### Data extracted from a collection
------
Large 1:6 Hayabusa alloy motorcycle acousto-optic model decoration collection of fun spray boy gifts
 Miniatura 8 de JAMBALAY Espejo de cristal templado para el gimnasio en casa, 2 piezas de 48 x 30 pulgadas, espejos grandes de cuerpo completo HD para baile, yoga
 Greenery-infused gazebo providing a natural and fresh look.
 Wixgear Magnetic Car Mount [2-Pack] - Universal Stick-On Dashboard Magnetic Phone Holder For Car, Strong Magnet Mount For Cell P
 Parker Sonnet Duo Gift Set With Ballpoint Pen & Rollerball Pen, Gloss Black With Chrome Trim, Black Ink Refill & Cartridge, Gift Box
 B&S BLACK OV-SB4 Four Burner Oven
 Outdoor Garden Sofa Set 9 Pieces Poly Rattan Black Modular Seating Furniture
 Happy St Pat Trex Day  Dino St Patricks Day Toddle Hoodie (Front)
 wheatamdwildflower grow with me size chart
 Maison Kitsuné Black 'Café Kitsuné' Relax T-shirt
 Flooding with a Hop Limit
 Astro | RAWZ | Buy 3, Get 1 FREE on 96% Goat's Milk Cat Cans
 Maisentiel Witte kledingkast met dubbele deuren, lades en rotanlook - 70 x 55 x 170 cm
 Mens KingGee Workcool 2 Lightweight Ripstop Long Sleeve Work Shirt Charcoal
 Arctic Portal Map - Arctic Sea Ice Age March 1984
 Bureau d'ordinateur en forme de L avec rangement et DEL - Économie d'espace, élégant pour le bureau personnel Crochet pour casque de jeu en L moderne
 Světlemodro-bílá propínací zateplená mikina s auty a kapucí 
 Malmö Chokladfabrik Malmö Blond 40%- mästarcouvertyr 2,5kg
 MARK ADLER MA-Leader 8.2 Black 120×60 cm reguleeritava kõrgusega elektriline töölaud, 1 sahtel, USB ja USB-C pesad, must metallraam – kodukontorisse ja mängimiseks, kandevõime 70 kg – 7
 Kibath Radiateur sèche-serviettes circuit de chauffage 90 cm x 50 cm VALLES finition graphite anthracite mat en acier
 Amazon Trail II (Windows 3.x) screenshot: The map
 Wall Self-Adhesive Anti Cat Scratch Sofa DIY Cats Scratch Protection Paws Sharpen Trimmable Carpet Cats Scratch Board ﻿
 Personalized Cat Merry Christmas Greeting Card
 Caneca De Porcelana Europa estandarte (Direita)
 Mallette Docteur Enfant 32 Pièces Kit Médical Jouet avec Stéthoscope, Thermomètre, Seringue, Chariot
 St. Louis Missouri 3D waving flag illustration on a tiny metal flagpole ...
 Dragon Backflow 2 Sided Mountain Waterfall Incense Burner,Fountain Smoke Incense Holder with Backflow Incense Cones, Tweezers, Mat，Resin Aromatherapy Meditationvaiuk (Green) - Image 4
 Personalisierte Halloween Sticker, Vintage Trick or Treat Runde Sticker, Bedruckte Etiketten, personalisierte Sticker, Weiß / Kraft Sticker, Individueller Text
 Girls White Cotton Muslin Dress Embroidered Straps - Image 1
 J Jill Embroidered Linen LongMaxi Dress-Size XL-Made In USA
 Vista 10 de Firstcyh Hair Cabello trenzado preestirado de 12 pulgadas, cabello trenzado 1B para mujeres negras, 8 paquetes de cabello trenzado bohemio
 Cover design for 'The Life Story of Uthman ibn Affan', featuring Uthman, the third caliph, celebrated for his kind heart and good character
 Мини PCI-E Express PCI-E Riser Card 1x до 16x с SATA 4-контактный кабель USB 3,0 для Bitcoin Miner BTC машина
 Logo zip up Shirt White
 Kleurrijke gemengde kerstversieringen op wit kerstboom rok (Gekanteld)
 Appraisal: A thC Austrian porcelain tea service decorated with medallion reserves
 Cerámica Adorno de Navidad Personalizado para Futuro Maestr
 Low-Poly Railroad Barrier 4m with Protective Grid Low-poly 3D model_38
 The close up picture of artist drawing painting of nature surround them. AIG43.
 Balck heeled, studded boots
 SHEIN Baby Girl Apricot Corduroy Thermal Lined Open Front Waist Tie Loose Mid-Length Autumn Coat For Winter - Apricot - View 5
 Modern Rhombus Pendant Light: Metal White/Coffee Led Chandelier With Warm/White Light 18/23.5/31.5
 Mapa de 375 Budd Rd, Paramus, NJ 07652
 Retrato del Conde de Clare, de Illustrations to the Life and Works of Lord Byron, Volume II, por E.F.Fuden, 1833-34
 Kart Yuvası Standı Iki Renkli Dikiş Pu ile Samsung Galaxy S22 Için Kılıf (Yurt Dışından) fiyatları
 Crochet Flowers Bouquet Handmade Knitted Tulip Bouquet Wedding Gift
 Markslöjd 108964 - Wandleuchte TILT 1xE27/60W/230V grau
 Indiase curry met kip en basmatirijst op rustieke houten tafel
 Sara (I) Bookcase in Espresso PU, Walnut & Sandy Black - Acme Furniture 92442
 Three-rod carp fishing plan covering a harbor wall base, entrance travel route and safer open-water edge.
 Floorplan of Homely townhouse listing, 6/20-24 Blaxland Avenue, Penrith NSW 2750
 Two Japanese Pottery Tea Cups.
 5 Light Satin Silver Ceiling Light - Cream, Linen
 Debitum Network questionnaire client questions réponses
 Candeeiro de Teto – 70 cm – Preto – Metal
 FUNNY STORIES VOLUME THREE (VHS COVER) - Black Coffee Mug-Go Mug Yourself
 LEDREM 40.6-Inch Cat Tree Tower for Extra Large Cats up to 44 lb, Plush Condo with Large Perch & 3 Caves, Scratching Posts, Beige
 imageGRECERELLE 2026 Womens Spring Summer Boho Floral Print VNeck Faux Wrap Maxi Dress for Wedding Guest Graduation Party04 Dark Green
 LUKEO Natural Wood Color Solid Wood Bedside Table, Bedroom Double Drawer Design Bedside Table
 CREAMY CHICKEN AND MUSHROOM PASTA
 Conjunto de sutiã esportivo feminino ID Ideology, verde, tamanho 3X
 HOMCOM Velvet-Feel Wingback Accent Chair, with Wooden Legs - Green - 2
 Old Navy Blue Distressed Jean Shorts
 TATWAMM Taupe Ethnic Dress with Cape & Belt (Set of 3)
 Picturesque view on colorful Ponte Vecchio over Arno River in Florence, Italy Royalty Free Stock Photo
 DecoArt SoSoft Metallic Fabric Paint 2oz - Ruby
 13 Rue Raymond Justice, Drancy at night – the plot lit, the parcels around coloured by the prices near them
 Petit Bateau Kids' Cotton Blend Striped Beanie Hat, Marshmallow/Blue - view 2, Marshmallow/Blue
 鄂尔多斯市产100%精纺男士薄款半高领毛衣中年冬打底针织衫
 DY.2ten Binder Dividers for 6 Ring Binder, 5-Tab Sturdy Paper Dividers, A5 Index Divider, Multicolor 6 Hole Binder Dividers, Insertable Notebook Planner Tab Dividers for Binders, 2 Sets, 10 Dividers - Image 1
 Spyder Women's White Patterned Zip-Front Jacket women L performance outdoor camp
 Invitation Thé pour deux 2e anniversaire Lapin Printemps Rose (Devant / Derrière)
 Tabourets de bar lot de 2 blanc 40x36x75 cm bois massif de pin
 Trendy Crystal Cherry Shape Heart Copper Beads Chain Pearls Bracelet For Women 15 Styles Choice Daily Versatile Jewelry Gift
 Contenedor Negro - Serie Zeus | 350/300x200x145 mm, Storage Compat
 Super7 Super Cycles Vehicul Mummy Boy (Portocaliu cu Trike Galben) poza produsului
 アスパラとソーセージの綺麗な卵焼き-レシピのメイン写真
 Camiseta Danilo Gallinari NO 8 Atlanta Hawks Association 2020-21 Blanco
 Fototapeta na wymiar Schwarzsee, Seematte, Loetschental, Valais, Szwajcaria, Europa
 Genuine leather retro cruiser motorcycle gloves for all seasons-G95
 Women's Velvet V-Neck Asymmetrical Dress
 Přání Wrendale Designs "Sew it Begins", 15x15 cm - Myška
------
### Task requirements
Could you restate word for word the lines above from the one containing "13 Rue Raymond" through the one containing "Spyder Women's White", both included, and nothing else?

### Response box
 13 Rue Raymond Justice, Drancy at night – the plot lit, the parcels around coloured by the prices near them
 Petit Bateau Kids' Cotton Blend Striped Beanie Hat, Marshmallow/Blue - view 2, Marshmallow/Blue
 鄂尔多斯市产100%精纺男士薄款半高领毛衣中年冬打底针织衫
 DY.2ten Binder Dividers for 6 Ring Binder, 5-Tab Sturdy Paper Dividers, A5 Index Divider, Multicolor 6 Hole Binder Dividers, Insertable Notebook Planner Tab Dividers for Binders, 2 Sets, 10 Dividers - Image 1
 Spyder Women's White Patterned Zip-Front Jacket women L performance outdoor camp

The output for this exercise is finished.